#### [Source material]
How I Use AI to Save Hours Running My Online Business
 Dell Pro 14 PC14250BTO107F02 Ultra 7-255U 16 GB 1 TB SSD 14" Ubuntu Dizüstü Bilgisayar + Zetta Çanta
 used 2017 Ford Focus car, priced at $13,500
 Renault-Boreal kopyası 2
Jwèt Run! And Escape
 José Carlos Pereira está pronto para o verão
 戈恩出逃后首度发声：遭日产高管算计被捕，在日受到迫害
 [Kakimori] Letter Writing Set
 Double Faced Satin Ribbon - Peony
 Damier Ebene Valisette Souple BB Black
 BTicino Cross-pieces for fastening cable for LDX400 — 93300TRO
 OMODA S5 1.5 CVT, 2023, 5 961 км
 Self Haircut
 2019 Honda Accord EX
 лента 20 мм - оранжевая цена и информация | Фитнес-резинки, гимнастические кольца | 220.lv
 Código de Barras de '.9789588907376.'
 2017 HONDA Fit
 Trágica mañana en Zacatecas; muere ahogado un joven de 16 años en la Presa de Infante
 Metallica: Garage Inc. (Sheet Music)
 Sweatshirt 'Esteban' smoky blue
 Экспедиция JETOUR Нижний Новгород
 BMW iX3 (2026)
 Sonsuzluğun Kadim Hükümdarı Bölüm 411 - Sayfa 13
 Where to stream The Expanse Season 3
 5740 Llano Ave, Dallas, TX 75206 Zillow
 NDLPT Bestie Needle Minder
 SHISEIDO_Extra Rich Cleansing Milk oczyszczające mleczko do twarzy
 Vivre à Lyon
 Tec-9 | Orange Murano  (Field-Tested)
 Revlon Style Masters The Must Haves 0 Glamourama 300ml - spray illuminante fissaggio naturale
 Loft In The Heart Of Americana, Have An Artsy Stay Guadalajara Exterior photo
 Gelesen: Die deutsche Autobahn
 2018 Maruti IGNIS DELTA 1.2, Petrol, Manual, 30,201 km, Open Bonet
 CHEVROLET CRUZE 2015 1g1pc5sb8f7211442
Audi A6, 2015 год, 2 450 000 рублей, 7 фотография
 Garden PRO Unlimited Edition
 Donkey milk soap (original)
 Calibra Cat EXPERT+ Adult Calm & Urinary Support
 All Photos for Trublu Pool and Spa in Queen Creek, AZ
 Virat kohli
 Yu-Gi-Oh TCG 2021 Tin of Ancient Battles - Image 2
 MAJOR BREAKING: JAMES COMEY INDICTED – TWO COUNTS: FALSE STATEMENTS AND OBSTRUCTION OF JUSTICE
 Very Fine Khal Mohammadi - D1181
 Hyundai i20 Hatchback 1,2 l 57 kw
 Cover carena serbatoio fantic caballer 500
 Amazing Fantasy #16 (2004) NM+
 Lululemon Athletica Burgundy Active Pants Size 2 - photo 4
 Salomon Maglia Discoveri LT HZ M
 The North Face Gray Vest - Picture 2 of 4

#### [What is being asked]
Restate word for word the lines from the one holding "Lululemon Athletica Burgundy" to the end of the listing, both ends included, and nothing more.

#### [Solution to this problem]
 Lululemon Athletica Burgundy Active Pants Size 2 - photo 4
 Salomon Maglia Discoveri LT HZ M
 The North Face Gray Vest - Picture 2 of 4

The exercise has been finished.